Methods: Immunohistochemical localization of beta-catenin and cyclin D1 in normal endometrium, hyperplastic endometrium and endometrial carcinoma were assessed on serial tissue sections.
Results: Nuclear accumulation of beta-catenin was observed in endometrial carcinomas compared with normal endometria. Cyclin D1-positive endometrial cancer cases were beta-catenin-positive in the nuclei, especially in 70% (7/10) of G1 and 55.6% (5/9) of G2 differentiated endometrial carcinomas, but never in G3 undifferentiated ones.

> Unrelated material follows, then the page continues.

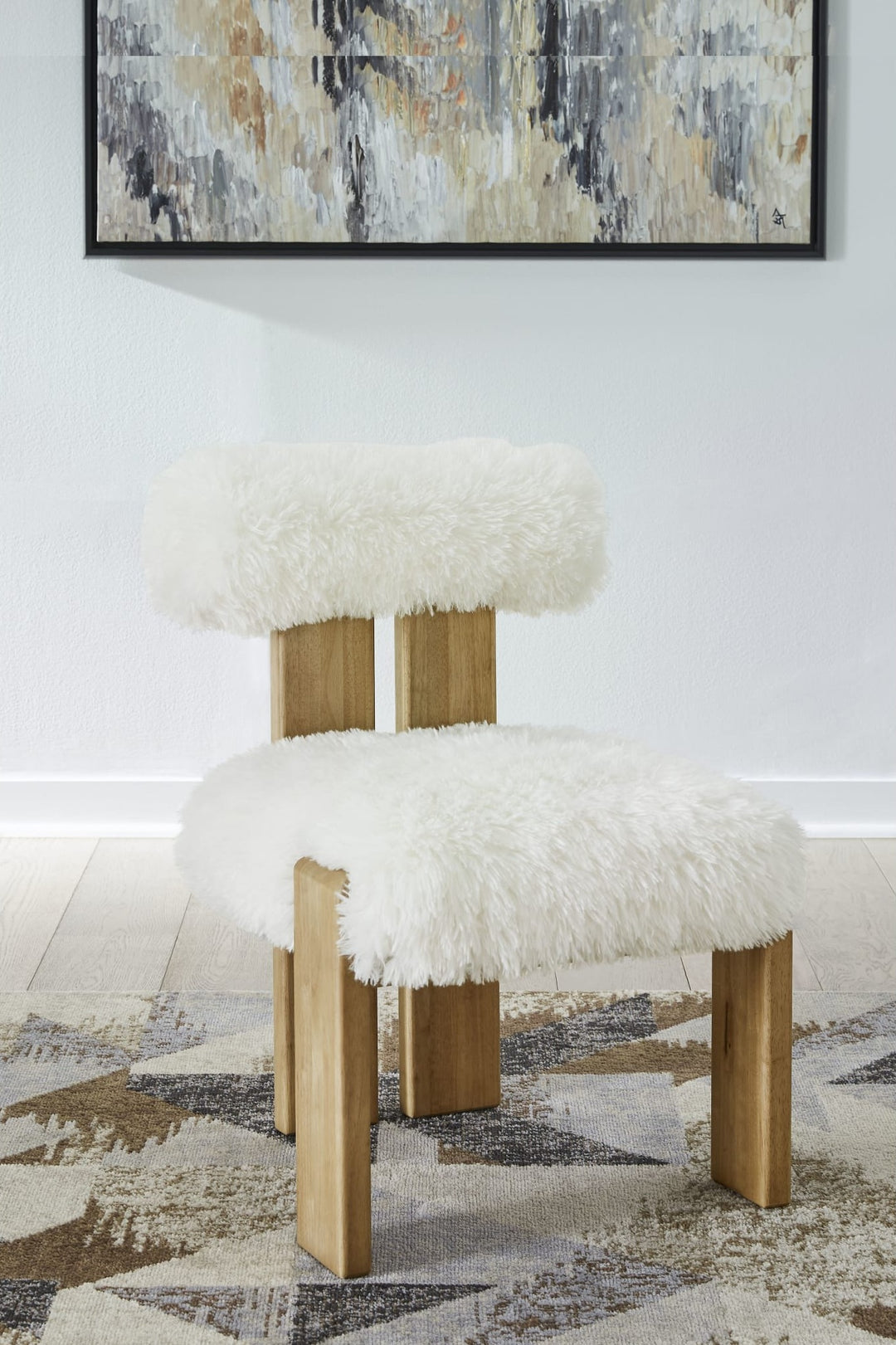 Nia Dining Accent Chair in Sheepskin and Lioness — lifestyle photo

Conclusions: These results imply that the simultaneous nuclear accumulation of beta-catenin and cyclin D1--suggesting the activation of the TCF/LEF-1 pathway--may be a potential marker for the progression of Type 1 endometrial carcinogenesis.
β-catenin; Cyclin D1; TCF/LEF pathway; Uterine endometrial carcinoma
F. Narita,A. Sato,S. Hamana,M. Deguchi,T. Otani,T. Maruo. Simultaneous immunohistochemical localization of β-catenin and cyclin D 1 in differentiated but not in undifferentiated human endometrial carcinoma. European Journal of Gynaecological Oncology. 2003. 24(2);129-134.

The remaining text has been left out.